How do hedge fund managers pay themselves? ›

Misc. Once an investor chooses to invest in a hedge fund, they then allocate capital to a hedge fund manager. In this example, they invest $100 dollars. The hedge fund manager immediately collects a 2% fee, leaving $98 dollars to be invested in various assets, such as stocks, bonds, and commodities.

How do hedge fund managers get so rich? ›

Hedge fund managers typically earn above-average compensation, often from a two-and-twenty fee structure. Hedge fund managers typically specialize in a particular investment strategy that they then use to power their fund portfolio's mandate for profits.

What is a hedge fund's main goal? ›

A hedge fund manager focuses on achieving absolute returns by finding as many profit opportunities as possible that are immune to market gyrations—in industry lingo, generating alpha (returns uncorrelated to market performance) rather than beta.

Which statement best describes a hedge fund? ›

Hedge funds are secondary market sources of raising capital for startup companies. Hedge funds are highly. financial strategies similar to mutual funds.

How much do hedge funds charge their clients? ›

The 2 and 20 is a hedge fund compensation structure consisting of a management fee and a performance fee. 2% represents a management fee which is applied to the total assets under management. A 20% performance fee is charged on the profits that the hedge fund generates, beyond a specified minimum threshold.

What does a hedge fund manager do? ›

Conducting market research and analyzing trends. Raising and managing investment capital. Rebalancing portfolios to maintain an adequate risk/reward ratio. Monitoring investment performance and making decisions to buy or sell stocks.

How does a hedge fund work for dummies? ›

Hedge funds use pooled funds to focus on high-risk, high-return investments, often with a focus on shorting — so you can earn profit even when stocks fall.

Do hedge funds pay income? ›

Domestic hedge funds are generally not appropriate for tax-deferred investors, such as retirement plans, foundations and the like, because they generate unrelated business taxable income for such investors. Additionally, most hedge funds do not make annual cash dividends or other distributions to investors.
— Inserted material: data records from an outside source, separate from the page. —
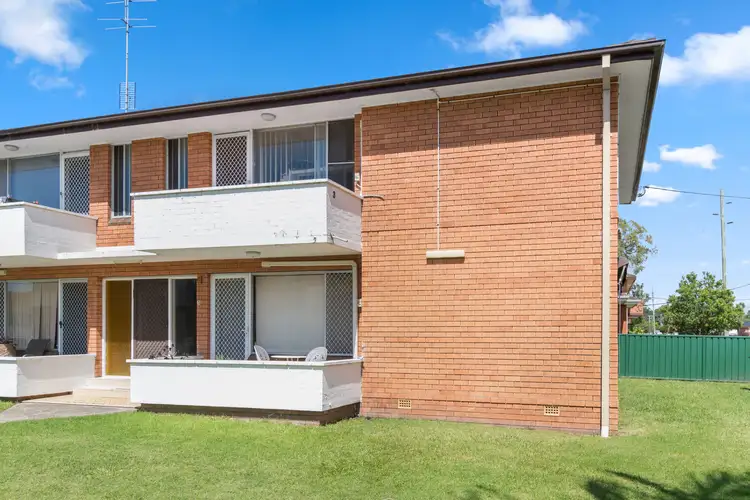 Main view of Homely unit listing, 3/17 Prince Edward Drive, Brownsville NSW 2530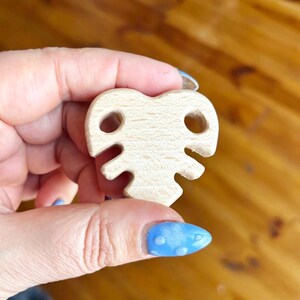 Natural Beech Wood Charms – Smooth Wooden Shapes for DIY Jewelry, Crafts, Sensory Accessories, Teething Necklace, Sling Beads Supplies Monstera leaf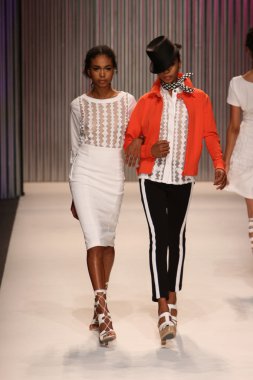 modelleri yürümek tracy reese pist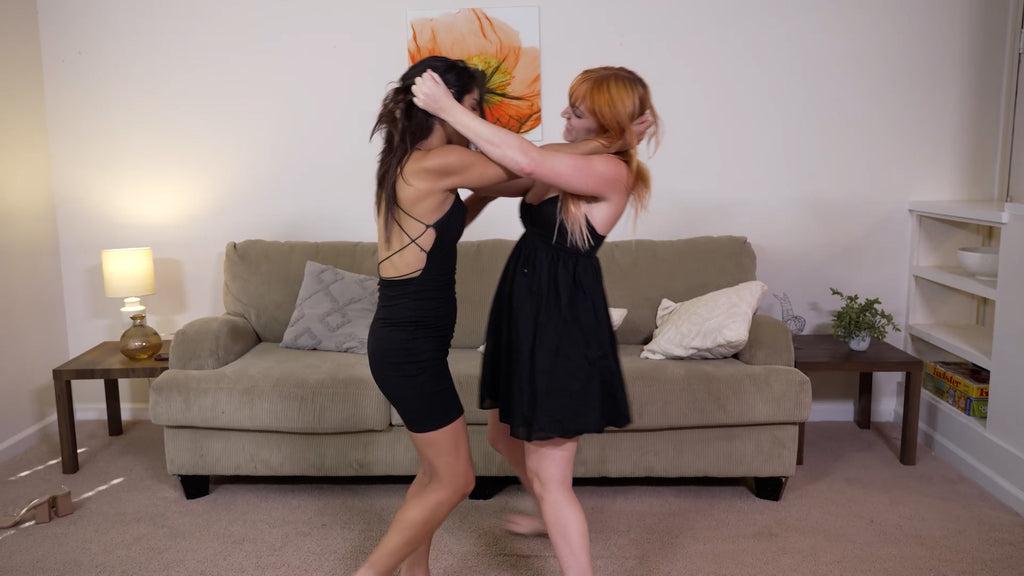 BEST FRIENDS FIGHT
What do hedge funds do all day? ›

Hedge funds are actively managed by professional managers who buy and sell certain investments with the stated goal of exceeding the returns of the markets, or some sector or index of the markets. They take the greatest risks while trying to achieve these returns.
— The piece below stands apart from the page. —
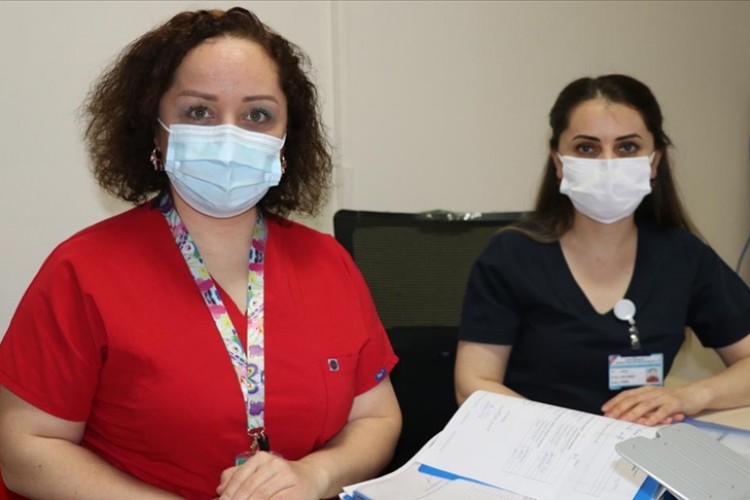 Koronavirüsle mücadele eden kadın sağlık çalışanları hem evde hem işte mesai harcıyor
How do hedge fund managers make money? ›

Hedge funds take a management fee of between one and two per cent of the amount you invest. In addition, the hedge fund manager will receive a performance fee (usually around 20 per cent on any profit).
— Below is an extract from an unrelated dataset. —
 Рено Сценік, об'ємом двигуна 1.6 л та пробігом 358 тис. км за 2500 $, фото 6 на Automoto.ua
What do hedge fund jobs do? ›

Research and analysis: People working for hedge funds need to conduct research for long periods and analyze data of various formats. This analysis allows them to determine which stocks or companies to invest in, buy, sell or short, which helps them make reasonable predictions regarding market growth.

Is a hedge fund manager a hard job? ›

Being a hedge fund manager is a highly-paid job, but also calls for long hours of intensive work. Work days do tend to follow somewhat of a routine, with market open and close being the most critical.